As Halloween approached this year Big C showed an interest in trick or treating with us. Last year he went to a party at the youth group he attends, so I thought his years of going with us were over. When he first asked about it I didn’t really think about it, but as Halloween got closer I started to get anxious. At almost 6 ft at 14 years old he doesn’t fit the part of what society sees as a ‘trick or treater’. I I was nervous that someone would say something about him being too old when he innocently said “trick or treat”. I was nervous, how would I deal with some stranger breaking my 14 year old’s heart at the door by saying “you’re too old”.  I had seen the posts on fb,  people who  criticize teenage trick or treaters, especially in facebook groups. Some of them had issues with disrespectful teens, and they absolutely should have had those issues, but others were straight up upset that teenagers had the nerve to come to their door and say “trick or treat” and wanting candy. I was ready to suggest he maybe stay home and hand out candy, because that’s what the big kids who are too old do, right? But he wanted to go, and who was I to stop him?Where in the Halloween “rules” does it say you must be under a certain age to participate? Society says they are “too old”, for what? Dressing up? Eating candy? Because I know many adults who do those things still, and enjoy them.

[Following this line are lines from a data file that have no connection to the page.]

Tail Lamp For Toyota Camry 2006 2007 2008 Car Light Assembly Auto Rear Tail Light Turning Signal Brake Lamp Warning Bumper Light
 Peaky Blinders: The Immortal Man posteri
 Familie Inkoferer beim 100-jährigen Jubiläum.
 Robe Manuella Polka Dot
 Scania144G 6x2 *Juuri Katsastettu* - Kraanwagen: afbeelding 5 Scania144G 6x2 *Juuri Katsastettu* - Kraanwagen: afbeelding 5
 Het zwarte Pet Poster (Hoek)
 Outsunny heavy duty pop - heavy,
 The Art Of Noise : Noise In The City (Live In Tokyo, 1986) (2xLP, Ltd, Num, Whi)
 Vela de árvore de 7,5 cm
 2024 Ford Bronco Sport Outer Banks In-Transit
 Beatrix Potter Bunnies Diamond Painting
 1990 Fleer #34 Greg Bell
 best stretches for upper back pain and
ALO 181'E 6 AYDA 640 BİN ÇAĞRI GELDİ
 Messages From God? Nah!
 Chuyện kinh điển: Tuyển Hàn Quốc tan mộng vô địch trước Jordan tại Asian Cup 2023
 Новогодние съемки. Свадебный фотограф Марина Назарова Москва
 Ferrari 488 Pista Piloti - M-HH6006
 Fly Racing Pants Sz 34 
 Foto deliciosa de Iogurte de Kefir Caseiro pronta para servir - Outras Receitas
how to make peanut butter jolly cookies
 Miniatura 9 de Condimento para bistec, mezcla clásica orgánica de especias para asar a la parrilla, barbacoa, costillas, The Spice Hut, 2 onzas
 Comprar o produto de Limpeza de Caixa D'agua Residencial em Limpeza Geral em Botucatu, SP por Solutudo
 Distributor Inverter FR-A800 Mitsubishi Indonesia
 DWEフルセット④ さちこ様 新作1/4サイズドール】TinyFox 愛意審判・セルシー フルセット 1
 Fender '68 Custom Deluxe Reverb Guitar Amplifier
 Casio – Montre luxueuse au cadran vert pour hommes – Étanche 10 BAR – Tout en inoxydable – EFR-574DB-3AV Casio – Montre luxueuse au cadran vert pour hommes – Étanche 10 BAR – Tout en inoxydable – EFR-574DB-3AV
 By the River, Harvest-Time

When I look at my son I see a boy who isn’t quite a man yet, but isn’t a child anymore. A boy who already has given up so many childhood things because society and peers have told him he’s “too old”, one who in the last few years has given up the Easter bunny, tooth fairy and Santa. One who has recently started high school and has given even more responsibly that comes with getting older. I see a boy who, when writing his own Christmas list, has asked for less since figuring out that the younger kids who still believe need to keep the magic alive and that money can be tight.  So why, after having already given up so much of his childhood fun and innocence should I be the one to take this away from him?  So, I said nothing. He put on his suit, and went out as the best Bruce Wayne in the history of ever. Thankfully not one person had anything rude to say to him, and they all had fun guessing at his costume.  He was polite, letting little kids go ahead of him, and even went back to a house after leaving when a group of four kids had come up and he over heard the lady say she only had enough for three. He turned right around and handed the fourth girl the candy he had just received from that house because he knew that it would upset that little girl not to get the candy her siblings did a lot more than it would upset him.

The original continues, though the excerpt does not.